The organization, which works to protect the waterways and wetlands surrounding Peconic Bay, has asked all five towns on the East End to chip in, with the goal of matching its federal allocation of $700,000 over three years.
“We’re looking to towns to assist us with funds that can be used operationally for the program as well as for the ongoing water quality work and habitat work that we do around the Peconics,” PEP executive director Joyce Novak explained to the Town Board during a work session Tuesday.
Under the proposal, towns would participate by contributing a phased-in share of their CPF revenues directly to PEP. The funding requests are proportional to the total amount generated by the fund in each town, with Southampton and East Hampton contributing the highest amount, followed by Southold, Riverhead and Shelter Island.
Southold’s initial contribution would be $24,500 and ultimately grow to $49,000, according to the plan Ms. Novak presented Tuesday.

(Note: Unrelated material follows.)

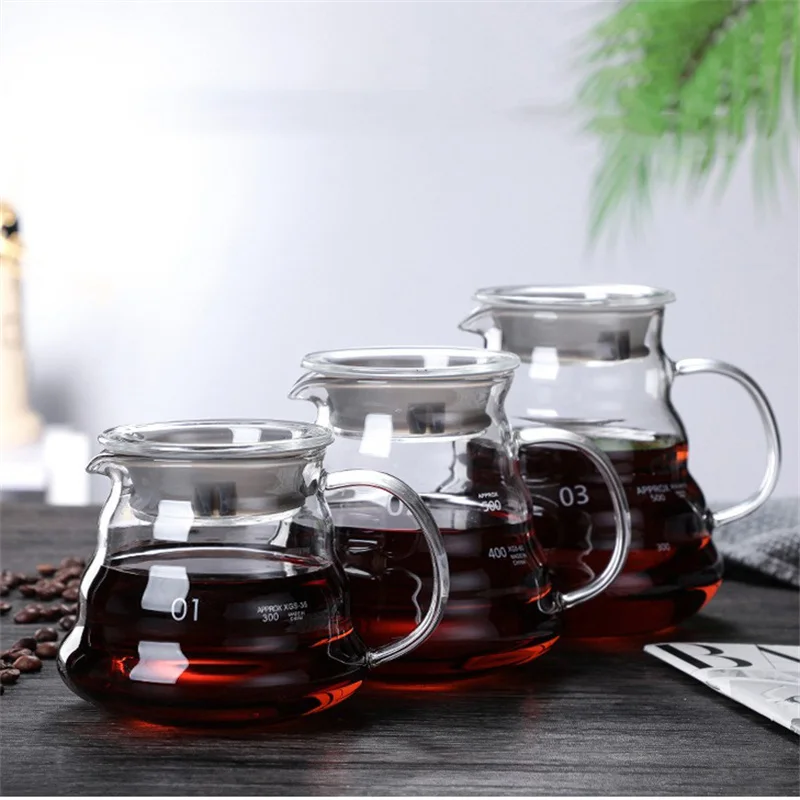 350/600/800ml Ręczny karafka d – Coffee Vending Equipment recenzja i cena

She said Southampton has already pledged its support and is slated to contribute $206,850 this year. Ms. Novak said she plans to make the pitch to other towns in the coming weeks. “[The East End towns are] all part of the same watershed,” Ms. Novak said. “It is the reason that we love the East End.”

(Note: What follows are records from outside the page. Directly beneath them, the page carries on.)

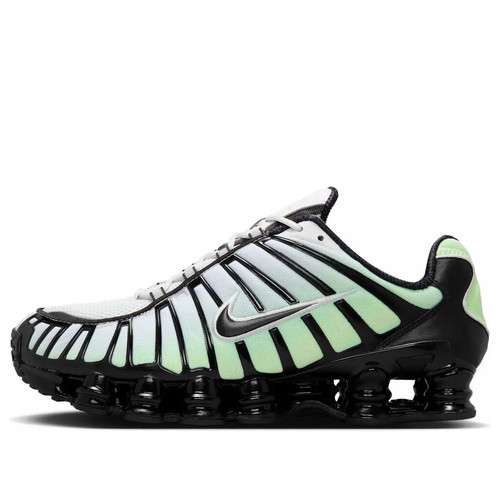 Nike shox sneaker - uomo, nero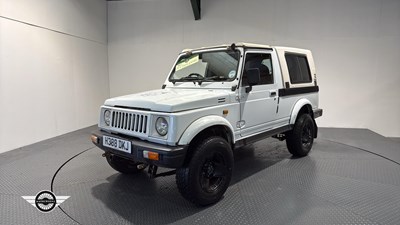 Lot 156 - 1990 SUZUKI SJ413 JX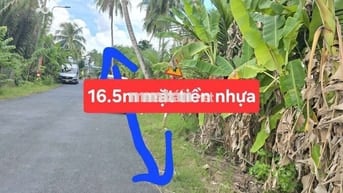 NỀN BIỆT THỰ MTIEN NHỰA NGANG 17M x45m Phú tân Btre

Town Supervisor Scott Russell, who is a member of the PEP’s policy committee, said the town has been reluctant to use CPF monies for water quality projects.
A recent change in state law allows the towns to allocate up to 20% of their annual CPF revenue to water quality improvement projects. Previously, towns were limited to using the funds for protecting farmland and open space.

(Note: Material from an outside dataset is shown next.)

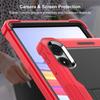 Luxury Hard PC Stand Back Case for Xiaomi POCO Pad Redmi Pad Pro 12.1" 2024 Tablet Cover Shockproof Shell for Redmi Pad 10.61" SE 11"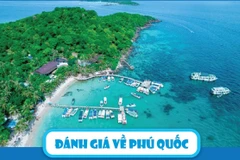 Phú Quốc đứng thứ 2 trong 25 hòn đảo đẹp nhất thế giới.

“The South Fork gets a lot of revenue and they really don’t have a lot to preserve left, whereas in Southold Town, there’s a substantial amount of farmland and open space and a very active program,” Mr. Russell said.
He said the town could alternatively support the buy-in by making the allocation to PEP through the town’s general budget process. “We have obligations to the East End community. We share the same estuary,” the supervisor said, indicating he supports the measure.
Board members Jim Dinizio and Sarah Nappa said they support using the CPF.
“Although we do have a lot of land to protect, we also need to be looking at our watershed, at our bays to be protected,” Ms. Nappa said, adding that she thinks the allocation would be reasonable and wouldn’t negatively impact the land preservation budget. “It’s a good use of the funds.”
According to figures released by Assemblyman Fred Thiele’s office, Southold generated $9.75 million in CPF revenues in 2020, up from $7.41 million in 2019. Since its inception in 1999, the CPF has generated more than $1.6 billion to protect over 10,000 acres of land on the East End.